LibraryThing member hemlokgang
Great opening and it was downhill from there. Overblown metaphors, fable wannabe, disjointed plot. Just did not hold my interest.
LibraryThing member TinaV95
I will not recap the plot summary as there are plentiful reviews that do a fantastic job of that already.

Instead, I will give my somewhat muddled thoughts on this book...

I was left lukewarm by my reading of "Swamplandia!" I absolutely loved the premise of the novel and fell head over heels for the engaging narrator (13 year old Ava).

I was quickly immersed in the story and felt early on that I would be on the "love it" side of the "Swamplandia!" debate.

Indeed, the three Bigtree children were great characters. I loved older brother, Kiwi and his adventures into the real world. The adults in this novel were extremely disappointing to me. After the mother passes away, the father unravels, leaving the children alone. I have a philosophical problem with this from the get-go.... Then Russell brings in the "Bird Man" character. That's where I really lost my love of the book. I will NOT include any spoilers, but to say that I was disappointed and angry with the direction the plot took is to understate things a bit.

The ending was unreal and abrupt; and the last paragraphs really fell flat for me.

There were some really great moments, though... Here's what the super intellectual Kiwi had to say about his idea of Heaven (which pretty much sums up what most LT'ers probably think).

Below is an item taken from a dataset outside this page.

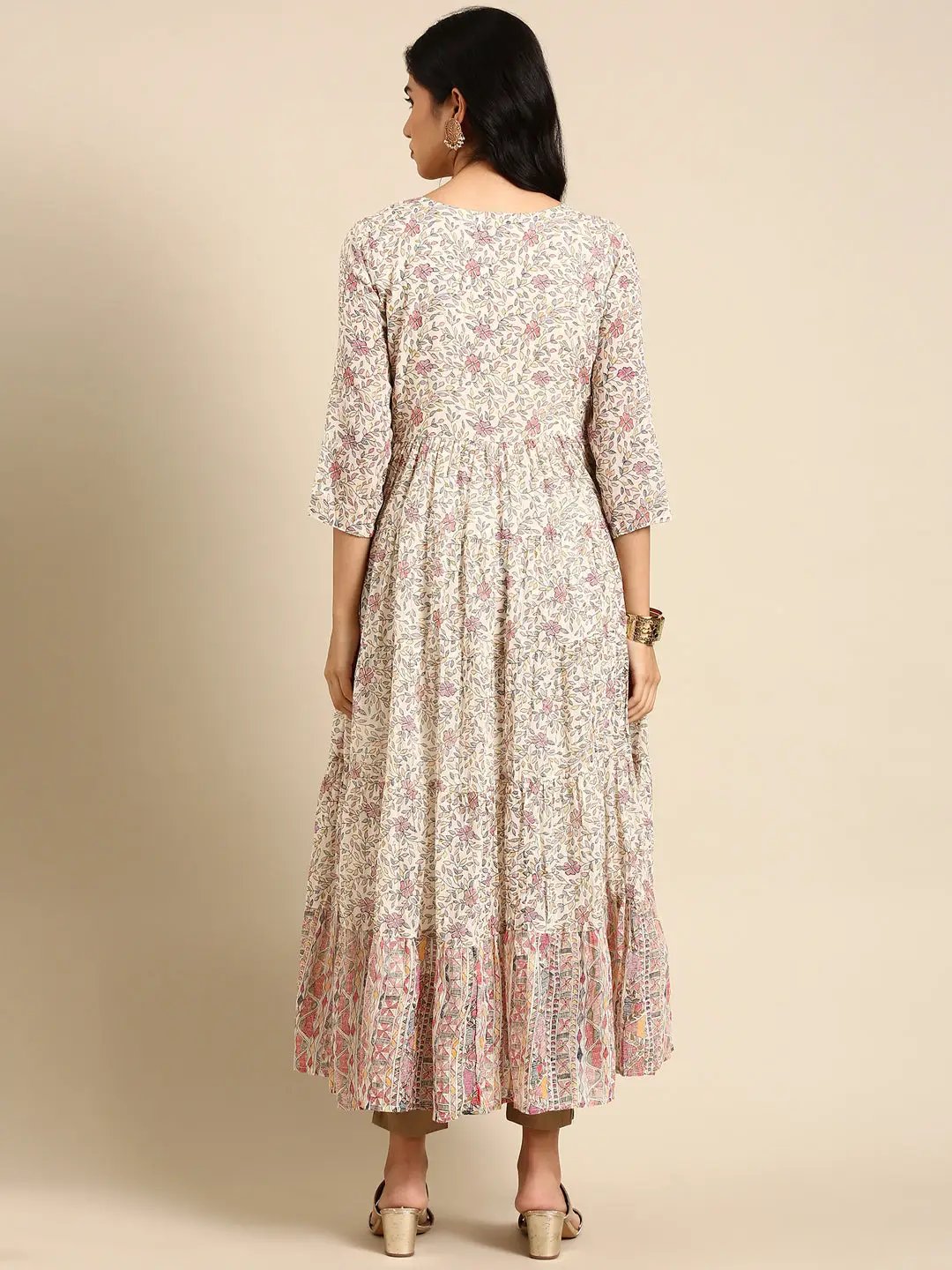 Women's Beige Printed Anarkali Kurta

"Heaven, Kiwi thought, would be the reading room of a great library. But it would be private. Cozy. You wouldn't have to worry about some squeaky-shoed librarian turning the lights off on you or gauging your literacy by reading the names on your book spines, and there wouldn't be a single other patron. The whole place would hum with a library's peace, filtering softly over you like white bars of light." Now, throw in a wonderful comfy recliner and Russell has me pegged!!

In short - I started out a Swamplandia! fan, but ended up in the middle of the road. I did not hate it, but I was left wanting Russell to have taken the story in a wholly other direction.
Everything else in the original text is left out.